One of the bigger projects from this period was the BID-driven Georgetown 2028 plan. This was a report filled with recommendations for what changes Georgetown could make to best position itself to continue to be a thriving neighborhood in 2028. And while it was led by the BID, the committees guiding it had residents as well as business owners (GM served on the steering committee).
The final report had recommendations covering topics as wide as transportation, street furniture, the canal and the neighborhood’s gateways. But perhaps the most eye-catching parts of the report called for a Metro stop in Georgetown, and, until then, a gondola. Both those ideas are still but dreams, however the push for the gondolas continues.
The report also led to the creation of Georgetown Heritage, the non-profit established to restore the canal. They are responsible for the massive project to rebuild the third lock, which was in danger of completely collapsing. With its completion, the canal boat will be able to return for tourist rides.
Georgetown Campus Plan
Circa 2010, the fight over the renewal of the Georgetown University campus plan seemed intractable. The school and the citizens groups were at loggerheads over questions of head-count and student behavior. It looked like the fight might go to litigation, much like earlier plans had. Frankly, it was a topic GM hated writing about, because he thought both sides were being ridiculous.
But following a victory at the Zoning Commission for the citizens group, the impasse cleared. The parties agreed to a new campus plan. At the heart of the plan was the creation of a series of community committees, covering topics like transportation/parking, off campus student life, and trash. The point of these committees was to address issues as they arose, not every ten years. And they have worked.
They worked so well that when GU came back several years later looking to get a twenty year campus plan approved, it was not contentious at all.
Of course not all sides are 100% happy. Permanent residents still have complaints about drunk students (although not as much as in the past). And students still complain about the forced shift of the GUTS bus routes. But all things considered, it has been a huge success.
Condos, Condos, Condos
The end of the financial crisis meant a return of construction to Georgetown. Although the neighborhood has not seen anything like the development of neighborhoods like 14th St. or the Navy Yards, it has had several significant projects, although several have not got past the drawing board.

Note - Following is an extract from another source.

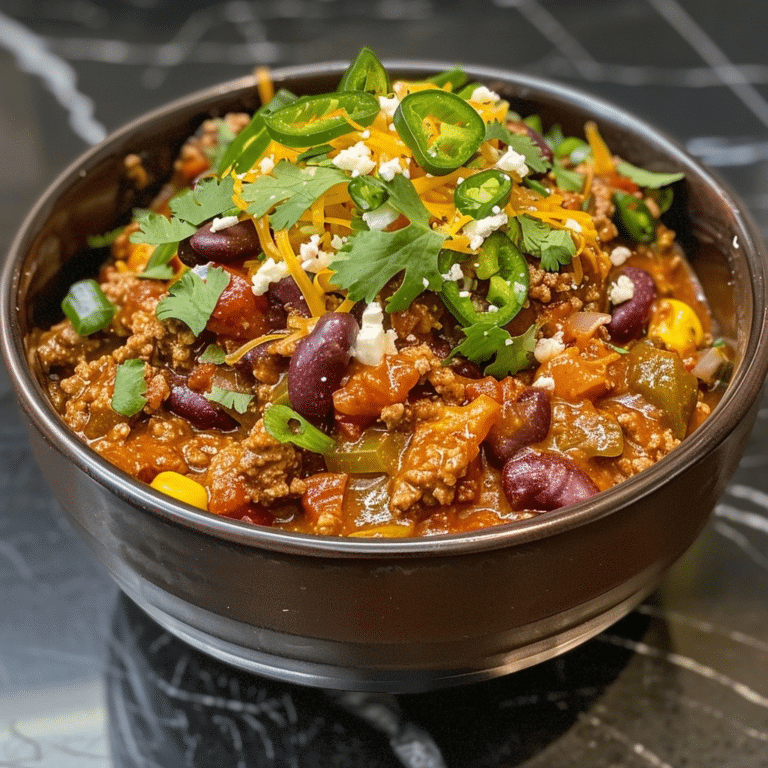 Turkey Chili Meal Prep: A Healthy High-Protein Recipe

Probably the first was the redevelopment of the Hurt Home. The former home for the blind was a city-owned property until it was auctioned off in 2010. Construction didn’t begin, however, until 2012. The final project, re-dubbed the “Montrose”, features 15 units. Other than three units that were set aside as affordable, the rest were all sold for seven figures.
Another major development was 1055 High. This Eastbanc project, built in the former Verizon parking lot next to Grace Episcopal, was for even more expensive buyers. The building’s seven units were more in the $3 million range.
Approved at roughly the same time, but not yet built, was the Exxon condo building. Eastbanc was also behind this project, but had since sold it. Another developer plans to go ahead with the approved project, although both the gondola backers and the Prospect St. residents are hoping to stop it.
Another project put forward during this period but also delayed is the West Heating Plant condos. The Levy Group won the property at auction in 2013. But in the five years since they have struggled to get a final plan approved. But the payoff is going to be so big that they can afford to fight.
And yet another project to be delayed is the proposal to build apartments on the Doggett Parking Lot. This project has been held up as a prime tenant is sought for the first floor retail.
And last but not least is the proposed building at M and Pennsylvania. This will actually be a rental apartment, not condos.